Andy on Enterprise Software

So many databases…

July 24, 2006

In his ZD Net blog discussing systems management David Berlind raises a useful point: is it possible for a company to truly standardise on a DBMS?  While every CIO would like to be able to say “We only have xxxx” (substitute Oracle/DB2/SQL Server etc as desired) in reality it is virtually impossible to standardise on a single DBMS.  For a start, the sheer weight of existing systems mean that conversion of a system using one DBMS to another is a far from routine activity.  The DBMS systems might all support one of the SQL standard variants, but we all know that in reality much of the code to access a DBMS uses the various proprietary extensions of the database.  Even if you could somehow wave a magic wand and achieve a single DBMS nirvana for your in-house systems, many packages only support particular databases and so you may be forced into a seperate DBMS by a package vendor – few CIO departments have the clout to prevent the business choosing a package that is non-standard if the business wants it enough.  Moreover any attempt at standardisation will be overtaken by acquisitions made by the company, since you certainly can’t assume that every company that you acquire has a single DBMS or that, even if they did, their choice is the same as yours.

The difficulty in actually porting an application from one DBMS to another actually gives a powerful lock-in to DBMS vendors.  If you doubt this, check out the margins of Oracle, Microsoft and IBM’s software business (if you can find it) – net profit margins of 30% or more, which is what Oracle and Microsoft have, are achieved by very few companies in the world.  The trouble companies have is that, while they may be unhappy with a DBMS vendor, they can huff and they can puff at contract negotiation time, but in reality there is very little they can do: the DBMS vendor knows that the cost of migrating off of their platform would dwarf any savings in license costs that could be obtained.
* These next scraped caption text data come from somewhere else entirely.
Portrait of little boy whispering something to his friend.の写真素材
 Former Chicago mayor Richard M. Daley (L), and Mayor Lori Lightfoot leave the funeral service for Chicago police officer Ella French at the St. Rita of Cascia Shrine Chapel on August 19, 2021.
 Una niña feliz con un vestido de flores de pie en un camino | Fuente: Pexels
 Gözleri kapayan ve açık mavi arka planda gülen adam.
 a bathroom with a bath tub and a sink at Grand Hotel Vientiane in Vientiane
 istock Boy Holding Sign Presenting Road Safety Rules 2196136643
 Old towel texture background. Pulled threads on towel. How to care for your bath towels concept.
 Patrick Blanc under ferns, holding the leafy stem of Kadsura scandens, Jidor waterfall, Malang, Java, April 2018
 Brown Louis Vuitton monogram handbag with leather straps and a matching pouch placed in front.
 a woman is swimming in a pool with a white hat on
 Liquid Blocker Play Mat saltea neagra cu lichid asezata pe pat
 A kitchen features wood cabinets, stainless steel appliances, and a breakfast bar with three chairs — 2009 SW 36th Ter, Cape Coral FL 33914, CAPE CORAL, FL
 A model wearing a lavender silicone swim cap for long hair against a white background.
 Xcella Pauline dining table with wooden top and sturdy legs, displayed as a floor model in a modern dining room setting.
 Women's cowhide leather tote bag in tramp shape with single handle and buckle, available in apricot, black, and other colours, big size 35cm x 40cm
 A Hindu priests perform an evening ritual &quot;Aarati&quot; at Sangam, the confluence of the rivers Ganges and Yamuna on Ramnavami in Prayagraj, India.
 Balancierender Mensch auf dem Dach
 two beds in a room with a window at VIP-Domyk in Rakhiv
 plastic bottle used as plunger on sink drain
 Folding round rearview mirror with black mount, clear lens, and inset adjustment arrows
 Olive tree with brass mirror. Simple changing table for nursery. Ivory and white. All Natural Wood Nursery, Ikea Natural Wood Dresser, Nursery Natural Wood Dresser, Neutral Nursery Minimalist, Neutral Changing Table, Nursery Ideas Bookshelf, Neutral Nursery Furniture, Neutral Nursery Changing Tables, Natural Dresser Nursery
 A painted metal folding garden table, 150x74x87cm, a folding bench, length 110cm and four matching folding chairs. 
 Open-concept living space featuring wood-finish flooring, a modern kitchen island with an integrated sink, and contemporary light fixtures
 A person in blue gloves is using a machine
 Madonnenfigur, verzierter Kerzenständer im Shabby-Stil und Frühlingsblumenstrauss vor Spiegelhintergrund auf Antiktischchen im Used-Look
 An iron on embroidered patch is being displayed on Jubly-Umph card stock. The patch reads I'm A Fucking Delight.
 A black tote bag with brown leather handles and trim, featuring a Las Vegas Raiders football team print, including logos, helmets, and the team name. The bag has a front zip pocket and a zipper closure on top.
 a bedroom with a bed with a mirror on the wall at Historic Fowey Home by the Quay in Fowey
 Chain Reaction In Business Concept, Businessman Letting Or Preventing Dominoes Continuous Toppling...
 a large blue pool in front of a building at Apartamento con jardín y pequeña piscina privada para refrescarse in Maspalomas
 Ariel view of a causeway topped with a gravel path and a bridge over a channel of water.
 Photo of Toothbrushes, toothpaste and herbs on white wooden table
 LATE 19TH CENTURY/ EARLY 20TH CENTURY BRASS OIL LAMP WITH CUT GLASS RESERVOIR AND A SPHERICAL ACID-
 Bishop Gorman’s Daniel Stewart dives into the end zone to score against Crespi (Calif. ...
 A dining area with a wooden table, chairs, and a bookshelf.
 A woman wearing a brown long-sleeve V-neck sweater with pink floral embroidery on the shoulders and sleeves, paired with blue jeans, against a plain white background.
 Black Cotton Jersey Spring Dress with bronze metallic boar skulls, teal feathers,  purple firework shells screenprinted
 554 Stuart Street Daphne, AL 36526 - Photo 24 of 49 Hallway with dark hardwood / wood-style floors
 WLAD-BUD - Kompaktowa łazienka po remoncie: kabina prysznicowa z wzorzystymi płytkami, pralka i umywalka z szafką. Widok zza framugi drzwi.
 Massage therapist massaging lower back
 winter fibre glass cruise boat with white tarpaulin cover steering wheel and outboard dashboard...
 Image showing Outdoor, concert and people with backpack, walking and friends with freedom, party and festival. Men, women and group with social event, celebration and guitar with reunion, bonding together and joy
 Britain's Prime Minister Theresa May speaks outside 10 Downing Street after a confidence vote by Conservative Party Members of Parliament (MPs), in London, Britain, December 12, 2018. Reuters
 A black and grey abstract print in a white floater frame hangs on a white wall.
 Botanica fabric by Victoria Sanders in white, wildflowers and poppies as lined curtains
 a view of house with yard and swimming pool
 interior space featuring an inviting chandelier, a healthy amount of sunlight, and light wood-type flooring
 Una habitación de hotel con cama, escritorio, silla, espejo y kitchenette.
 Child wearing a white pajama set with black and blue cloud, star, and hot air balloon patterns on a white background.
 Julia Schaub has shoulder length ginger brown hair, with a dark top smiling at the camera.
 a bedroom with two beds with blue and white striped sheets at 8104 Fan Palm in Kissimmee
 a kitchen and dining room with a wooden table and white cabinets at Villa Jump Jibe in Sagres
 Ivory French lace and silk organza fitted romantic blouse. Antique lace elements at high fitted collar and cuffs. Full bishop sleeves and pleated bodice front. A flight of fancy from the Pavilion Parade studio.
In reality it is the same with applications and the data within them.  Migrating from a major application package is a massive task, so in reality you will have to live to learn with a hetereogeneous world of databases, applications and data, like it or not.  Yet companies spend huge amounts of money  trying to “standardise”, which is essentially only a little more attainable as a goal than the holy grail.  Better to try and manage within the reality and concentrate ion strategies that will allow you to make the most of that situation.  Certainly, you don’t want to allow unnecessary diversity, but you need to carefully look at the true cost/benefit case of trying to eliminate it.